Believers in community should be the world’s experts at living in tension. There is absolutely nothing churches must accomplish. Nothing in Scripture requires us to build up large organizations with substantial investments in real estate and facilities. There’s nothing in Scripture about increasing budgets.

Indeed, the whole concept of budgeted giving is alien to Scripture. It’s nothing more than a taxman’s approach to coercing contributions through browbeating and manipulation. In the Old Testament, the only thing on which one tithed was agricultural production. Cash earnings were not tithed. The general principle is that you gave voluntarily “from the increase” — a concept itself arising from agriculture. If the Lord prospers you, then you honor Him. If He does not prosper you, then the issue is not giving, but finding out what He requires for restoring His favor.

Notice something: People who experience the power of the Holy Spirit of God always share freely. It’s part of the humility and love that His Presence evokes. It never fails. The giving itself is way more important than the resulting church budget. The inherent worldliness of the current common budgeting system in churches is scandalous, an embarrassment to the Lord’s name. At no point should anyone ever even think about, “How can we increase offerings?”

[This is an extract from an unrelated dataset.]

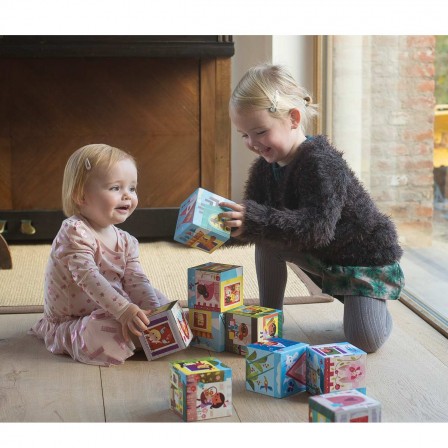 cadeau_fille_2_ans__3_ans__4_ans__jouet_cube_a_empiler_construire.jpg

Again, it’s not about institutional growth; it’s about the depth of moral and spiritual development of the people involved. The whole task of any church is building love between each other. The reason the New Testament churches didn’t have denominations was not because they were all of one doctrine. It was because they knew that being together was the whole point, not some imaginary orthodoxy. There was a flexibility about what people believed.

Yes, Paul addressed factions within the body, but was quite willing to simply let people go when their distinctions disrupted the community. There are things you don’t transgress; most of the Old Covenant based on violating underlying moral truth inherent in Creation itself. If you ignore those boundaries, you are fighting reality itself.

The First Century Christians had a much stronger conceptual distinction between doctrine and theology. Doctrine means understanding what Christ taught without intellectual embellishment. Some questions will never be answered to our satisfaction. This is why our Radix Fidem community works so hard at recovering the Hebrew mindset of Jesus and His disciples. The fundamental assumptions of ancient Hebrew people were radically different from those of Americans today. We keep demanding definitions that they never would have dared to ask. The question was never a matter of what’s in your head, but what’s in your heart.

That job is hard enough without complicating it with analytical structuring so common in the West. We don’t need precise intellectual definitions; we need guidance in the one and only task of living in harmony with each other. An awful lot of biblical doctrine leaves intellectual questions hanging by design. Feel free to organize it internally so that you can implement the requirements. Just keep in mind that your internal rational considerations may not work for someone else. There is no need for uniformity in some questions.

Under the cover of intellectual organization is the awful temptation to take yourself and your talents too seriously. You must learn to live with the irritation of something seeming to you so crystal clear and reasonable, while it doesn’t work for someone you are obliged to work with in keeping community alive. People can embrace you without accepting your reasoning; it’s not a rejection of you.

Your church should not be an institution organized to accomplish concrete goals. A church does not require the kind of formal order needed for businesses to profit. Church is a family household, including people who are born sometimes very different from you. The mandate is to care for them the way households are morally obliged to handle varied temperaments and drives. Moment by moment, you must keep alive the kind of negotiated peace that allows kids to thrive and develop into functioning members of the household community.

And their only function is living together in the peace of God. Yes, there are boundaries and exclusions. The atmosphere should encourage people to play along until they simply cannot. This should be paramount in the minds of the elders and pastors. Don’t follow leaders who cannot get that. Shepherds are the folk with some expertise on keeping the flock healthy as a whole.